La violenza e il maschile. Abbattere gli stereotipi di genere cominciando dai più piccoli

Il rapporto tra violenza e maschile, questo il tema che è stato affrontato durante il convegno tenutosi all’Università degli Studi di Bergamo giovedì 28 febbraio e venerdì 1 marzo da un gruppo di docenti, esponenti di associazioni e studiosi tra i quali Cristiana Ottaviano, organizzatrice della tavola rotonda e docente di sociologia della cultura all’Università di Bergamo.

La violenza è infatti legata al maschile come stereotipo dominante, come dimostrato da diversi esempi esposti nel corso del convegno. Un primo aspetto che è stato esaminato è quello che parte dal concetto di spazio pubblico e spazio privato. Rachele Borghi, docente alla Sorbona di Parigi, ha messo in luce come non tutti gli individui all’interno dello spazio pubblico abbiano gli stessi diritti. Coloro che rappresentano lo stereotipo dominante di maschile e femminile, inteso come uomo e donna bianchi eterosessuali, avrà infatti meno possibilità di essere discriminato e di venire accettato all’interno dello spazio pubblico e in particolare in certi luoghi e contesti.

Al contrario, chi non rientra in tale categoria, come omosessuali, gender, persone di colore o appartenenti a minoranze etniche, per fare alcuni esempi, rischia di venire discriminato o contestato in quanto presenta caratteri diversi rispetto a quelli comunemente accettati. Lo spazio, quindi, lungi dall’essere neutro, ricrea rapporti di potere. Un esempio molto semplice riportato dalla studiosa è quello del bagno pubblico, che proprio in quanto diviso in due sezioni, uno per gli uomini e l’altro per le donne, esclude tutti coloro che non si riconoscono in questa dicotomia. Ciò è tipico proprio dei concetti occidentali dominanti, i quali non considerano in questo caso tutti gli intervalli esistenti tra l’essere uomo e l’essere donna.

Ma la violenza è legata al maschile anche sotto altri aspetti e la si ritrova ad esempio nel concetto di nazionalismo e più tardi in quello di fascismo. Se pensiamo all’Inno di Mameli, il sentimento patriottico e la nazione stessa assumono proprio connotazioni maschili. La maschilità sta nell’uomo che combatte per la nazione, mentre l’elemento femminile è presente ma solo con un valore allegorico.
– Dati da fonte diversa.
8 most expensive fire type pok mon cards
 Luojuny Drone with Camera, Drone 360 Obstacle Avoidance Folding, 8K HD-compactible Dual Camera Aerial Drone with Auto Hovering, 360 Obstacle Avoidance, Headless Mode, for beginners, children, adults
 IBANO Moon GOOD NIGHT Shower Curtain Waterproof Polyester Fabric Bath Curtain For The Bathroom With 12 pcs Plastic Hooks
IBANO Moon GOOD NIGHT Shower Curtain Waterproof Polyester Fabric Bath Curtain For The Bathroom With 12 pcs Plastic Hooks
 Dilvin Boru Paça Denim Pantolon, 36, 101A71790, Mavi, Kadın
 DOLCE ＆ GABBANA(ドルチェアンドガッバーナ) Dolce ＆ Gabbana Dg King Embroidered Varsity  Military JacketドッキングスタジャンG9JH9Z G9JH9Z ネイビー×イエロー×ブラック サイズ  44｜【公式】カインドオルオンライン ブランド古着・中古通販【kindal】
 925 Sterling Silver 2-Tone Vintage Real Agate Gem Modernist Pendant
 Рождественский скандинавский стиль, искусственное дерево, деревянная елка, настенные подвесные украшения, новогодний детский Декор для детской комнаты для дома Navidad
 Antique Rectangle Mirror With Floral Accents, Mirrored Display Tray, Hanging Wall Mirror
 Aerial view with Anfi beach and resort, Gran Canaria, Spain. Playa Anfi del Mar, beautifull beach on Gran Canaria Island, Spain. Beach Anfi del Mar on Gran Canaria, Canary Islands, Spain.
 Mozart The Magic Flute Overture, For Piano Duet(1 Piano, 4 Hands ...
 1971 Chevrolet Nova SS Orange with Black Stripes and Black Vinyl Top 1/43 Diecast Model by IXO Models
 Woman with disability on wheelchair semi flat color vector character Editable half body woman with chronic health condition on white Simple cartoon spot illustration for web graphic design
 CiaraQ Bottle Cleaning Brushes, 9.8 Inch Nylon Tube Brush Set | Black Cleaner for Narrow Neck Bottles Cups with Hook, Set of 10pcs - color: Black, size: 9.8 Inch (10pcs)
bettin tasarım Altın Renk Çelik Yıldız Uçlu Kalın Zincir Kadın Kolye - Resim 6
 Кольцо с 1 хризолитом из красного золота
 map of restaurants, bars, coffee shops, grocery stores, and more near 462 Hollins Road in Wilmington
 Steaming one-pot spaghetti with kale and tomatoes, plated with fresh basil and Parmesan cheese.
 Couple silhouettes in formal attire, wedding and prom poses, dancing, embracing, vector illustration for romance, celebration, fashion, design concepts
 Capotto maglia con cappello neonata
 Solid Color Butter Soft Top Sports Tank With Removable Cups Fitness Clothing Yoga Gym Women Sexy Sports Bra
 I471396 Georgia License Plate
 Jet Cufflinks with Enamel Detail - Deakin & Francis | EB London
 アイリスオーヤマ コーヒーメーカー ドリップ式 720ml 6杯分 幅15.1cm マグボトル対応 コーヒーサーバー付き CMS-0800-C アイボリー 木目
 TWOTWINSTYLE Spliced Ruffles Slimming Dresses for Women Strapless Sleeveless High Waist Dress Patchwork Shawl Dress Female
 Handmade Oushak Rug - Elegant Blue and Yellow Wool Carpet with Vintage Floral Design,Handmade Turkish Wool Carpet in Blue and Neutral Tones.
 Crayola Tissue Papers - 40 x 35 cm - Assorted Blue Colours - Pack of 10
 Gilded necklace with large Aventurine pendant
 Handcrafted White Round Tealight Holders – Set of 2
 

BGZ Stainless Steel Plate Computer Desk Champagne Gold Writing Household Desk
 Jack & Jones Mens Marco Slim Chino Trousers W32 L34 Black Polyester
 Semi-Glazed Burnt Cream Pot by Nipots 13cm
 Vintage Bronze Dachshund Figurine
Anche il fascismo più tardi esalterà i valori maschili come la forza fisica e il valore dimostrato in guerra. Del resto, anche nella politica dei nostri giorni si usano stereotipi maschilisti per rappresentare il potere e anche il proprio partito, come nel caso della Lega Nord di Bossi.

Uno studio recente, condotto dalla dottoressa Elisa Bellé dell’Università di Trento, ha messo in luce come all’interno del partito leghista, gli uomini delegittimavano il potere delle donne anche quando queste ultime avrebbero dovuto ricoprire lo stesso ruolo dei colleghi maschi. Questo avveniva spesso tramite battute sessuali fuori luogo che toglievano credibilità alle militanti. La debolezza delle donne e la violenza del potere maschile si evincevano anche dal fatto che esse non replicavano anche quando visibilmente infastidite dall’atteggiamento dei militanti uomini.

I comportamenti che abbiamo esposto rischiano quindi, proprio perché discriminanti, di legittimare come conseguenza la violenza nei confronti delle donne, di coloro che non si riconoscono nello stereotipo dominante e delle minoranze in quanto più deboli. Ripartire dall’abbattimento degli stereotipi di genere e da una diversa educazione cominciando proprio dai più piccoli sarebbe il modo migliore per far sì che le violenze di ogni tipo, verbali, fisiche, psicologiche, vengano annientate.